Beneath this power, this wealth, beneath the crushing heel, there wreathed a rising anger, swelling like some vast tide. As an explosion it came in 1791 when 100,000 Africans rose in revolt and swept the north of St. Domingue with fire and sword.
Toussaint joined the rebels. At first, he was suspect. They had won the hard-fought battles; they had put the fire, and they had faced the fire. But his determination was relentless and his skill in war obvious. By sheer power of his leadership he came to be regarded as their best general.
Regiments from France arrived and the colonists by and large refused the moderate terms of peace that were asked by Toussaint and the rebels. The colonists were contemptuous. "Did Toussaint think that they had brought half a million African slaves to the New World to make them French citizens?"
Now came the heroic moment in Toussaint's life: should he take the easy road and return to Breda, or the difficult road that meant years of war, perhaps even defeat? As a learned man, he may have remembered the words of Pericles, spoken in Athens over the Athenians who had given their lives for their country: "Life was dear, but they held their honour dearer, and so when the hour came it brought not terror but glory."
With that decision, a rebellion without a clear purpose became a war of liberation.
The hounds of war howled over the island and behind came the horsemen of the apocalypse, bringing disease, starvation and death. Toussaint first fought the French, then the Spaniards in the eastern half of the island (now the Dominican Republic). Then he fought against General Maitland and his English army. His tattered army victorious, he now ruled all the island which Christopher Columbus had named Hispaniola, both what was once French and what was once Spanish.
In France, the French Revolution had swept the monarchy from the throne and had beheaded the aristocracy. Out of that new reality came Napoleon Bonaparte. The shadow of the Corsican dictator fell over all Europe. In Haiti, Toussaint strove to create a free African state. Napoleon saw quite clearly the real meaning of the Haitian revolution. He knew that the successful slave revolt in that island was a turning point in the history of the New World. He himself told his minister Talleyrand to inform England that "the freedom of the Negroes, if recognised in St. Domingue and legalised by France, would at all times be a rallying point for freedom-seekers of the New World".
Napoleon sent an armada of 46 ships to Haiti's harbours, carrying an army of 46,000 men to subdue Toussaint and his people. At first, the Haitian was overwhelmed and dismayed at the vastness of Napoleon's army. Turning to a strategy of "burnt earth", he summoned his second in command and successor Dessalines and instructed him:
"Remember that this soil nourished on our blood and sweat must not yield a crumb of food to our enemies. Keep all roads under constant fire.
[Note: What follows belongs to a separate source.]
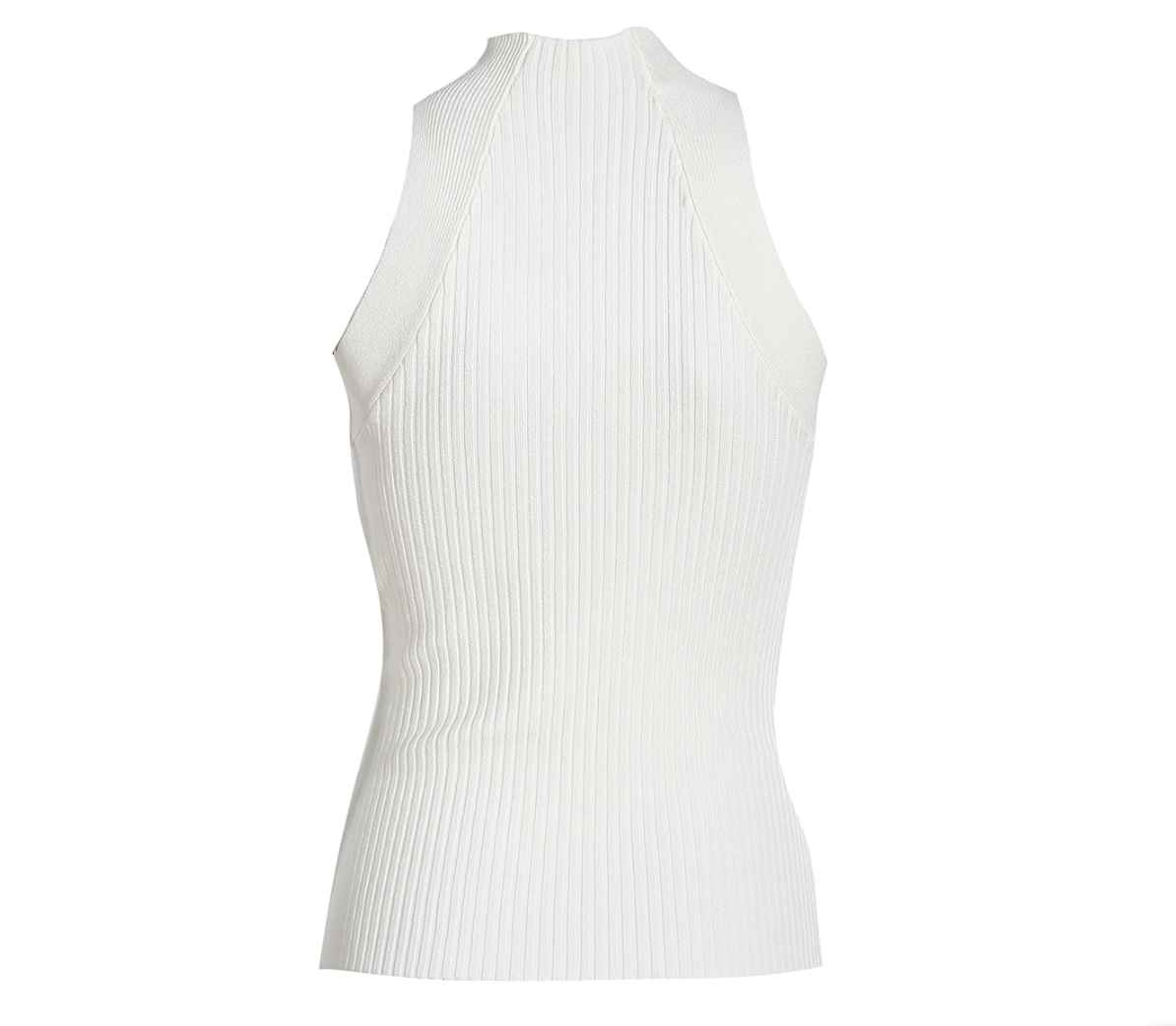 Cut Out High Neck Rib Knit Tank Top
Throw the bodies of horses and men into all wells and springs, destroy everything, burn everything."
The three terrible allies Toussaint, yellow fever and dysentery reduced Napoleon's army to a shamble. In the end, having lost 60,000 men, Napoleon withdrew from the New World and gave up his designs on Haiti and Lousiana.
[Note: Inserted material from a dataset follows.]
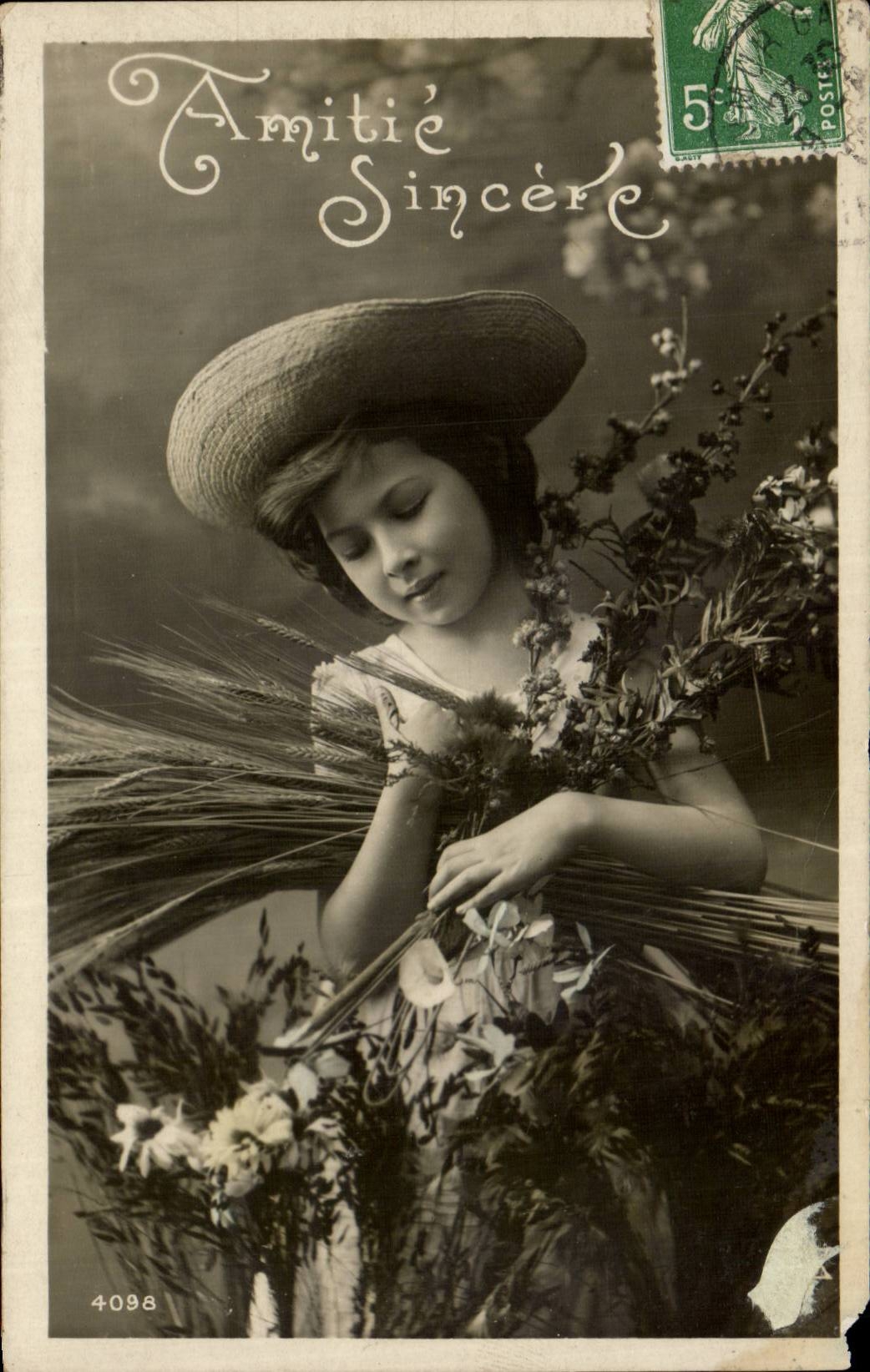 CPA Phantasie-Kind-aufrichtige Freundschaft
Toussaint had secured the freedom of Haiti. His actions were of direct benefit to the infant Federation of the United States, to whom Napoleon sold Louisiana. Toussaint, however, did not see the end. Betrayed by one of his friends, French General Brunet, he was kidnapped and taken to France. As the ship sailed into the rolling Atlantic swells, Haiti hardly more than a memory hovering on the horizon, Toussaint said:
"In overthrowing me, you have cut down in Haiti only the trunk of the tree of liberty. It will spring up again by the roots, for they are numerous and deep."
Toussaint L'Ouverture died ten months later in a fortress in the bleak and wintry Jura mountains, but the roots of the tree sprouted again and in 1804 Haiti was finally free.